As adaptações para que a peça coubesse na tv foram perfeitas e o filme passou a mensagem que deveria, além do entretenimento. Os diálogos entre os integrantes da banda de Ma Rainey são incríveis, cheios de emoção e simpatia. É possível perceber, mesmo sem conhecer a real história, que Gertrude Malissa Nix Pridgett Rainey foi uma mulher que precisou lutar contra um sistema que precisava do seu talento, porém não gostava de recompensá-lo, pois era uma mulher negra nos EUA em 1920. De início achei a personagem chata demais, até um pouco amargurada mas logo quando questões de sua vida pessoal e de artista são colocadas à mostra, fica fácil entender o seu comportamento e postura principalmente com seu produtor.

Ma Rainey – Imagem: ThoughtCo / Getty Imagens

Uma cena que me marcou muito foi uma fala de Ma Rainey sobre a indústria musical e como era a vida das pessoas negras na década de 20: “Se você é negro e pode dar lucro a eles, eles o aceitam, caso contrário é só um cachorro de rua.” Talvez essa frase poderia se aplicar a branquitude até os dias atuais, não é mesmo?

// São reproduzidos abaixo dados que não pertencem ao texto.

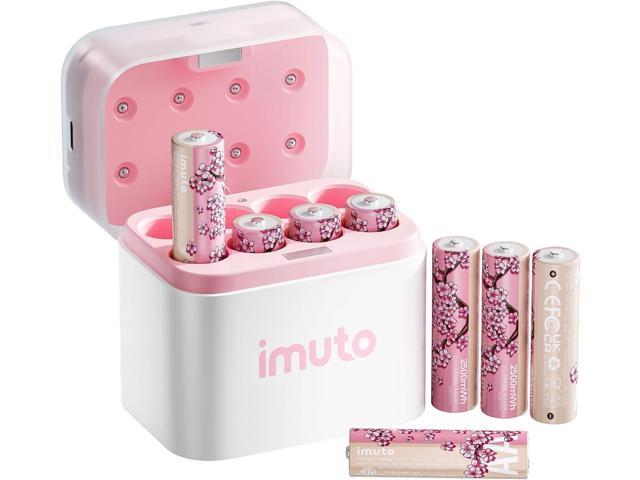 imuto Rechargeable aa Batteries with Charger, 2500mWh aa Lithium Batteries 8 Pack, 8 Slot Storage Box Style Lithium Doube a Battery Charger, 1.5V...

Nadra Kareen do ThoughtCo, ao descrever a biografia de Rainey ressalta que em sua breve carreira, começou a se apresentar no sul dos Estados Unidos, porém o sucesso veio com sua turnê pelo norte do país, principalmente em Chicago com sua banda denominada Wildcats Jazz Band e se apresentou com vários músicos famosos, inclusive Louis Armstrong. Já em 1928, a carreira de Ma Rainey desacelerou quando o blues que tocava “saiu de moda” e a sua gravadora (Paramount) não renovou seu contrato, apesar do lucro e da série de sucessos que ela levou à gravadora.

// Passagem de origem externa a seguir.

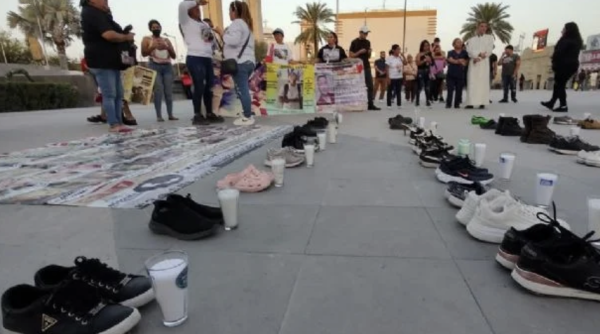 Con zapatos y veladoras, realizan jornada de luto por los desaparecidos en Reynosa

Imagem: Ma Rainey e banda – ThoughtCo / Getty Imagem

Em 2015 escrevi um pequeno texto sobre a usurpação do rock pela branquitude e o impacto disso nos artistas e em nós que consumimos e gostamos do ritmo. Na época fiquei me perguntando quantos artistas negros foram silenciados pela indústria cultural e caíram no esquecimento, enquanto artistas brancos fazendo o mesmo, às vezes até com qualidade inferior, fizeram sucesso impulsionados pela mesma indústria racista? Quando escrevi o texto, considerei o rock porque é um ritmo que gosto e que é extremamente elitista e embranquecido, mesmo sendo de origem negra, mas hoje percebo que se aplica em quase toda a indústria fonográfica.

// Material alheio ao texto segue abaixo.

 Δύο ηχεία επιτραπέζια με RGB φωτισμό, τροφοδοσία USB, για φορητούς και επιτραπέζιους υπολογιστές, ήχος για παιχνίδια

Jun Alcantara em seu texto “Por que precisamos provar que a música é negra é negra?” afirma que:

“O Rock n’ Roll, simples vertente do R&B nos anos 40, entrou na mira dos empresários brancos americanos que viam no gênero um potencial para conquistar o público jovem nunca visto antes da música. O processo foi bem rápido: lançaram rostos brancos para reproduzir música negra. O resto foi consequência, já que tendo a nova opção musical para um público jovem, os donos de clubes e bares contratavam apenas músicos brancos para as apresentações (algo visto desde o início do Jazz, mas em menores proporções devido ao menor tamanho da indústria cultural da época). Com a dinâmica de mudança inerente à música negra norte-americana, sempre em constante desenvolvimento, e o processo de embranquecimento do Rock n’ Roll, pouco tempo depois o gênero já era visto pelo público branco como música tipicamente branca.”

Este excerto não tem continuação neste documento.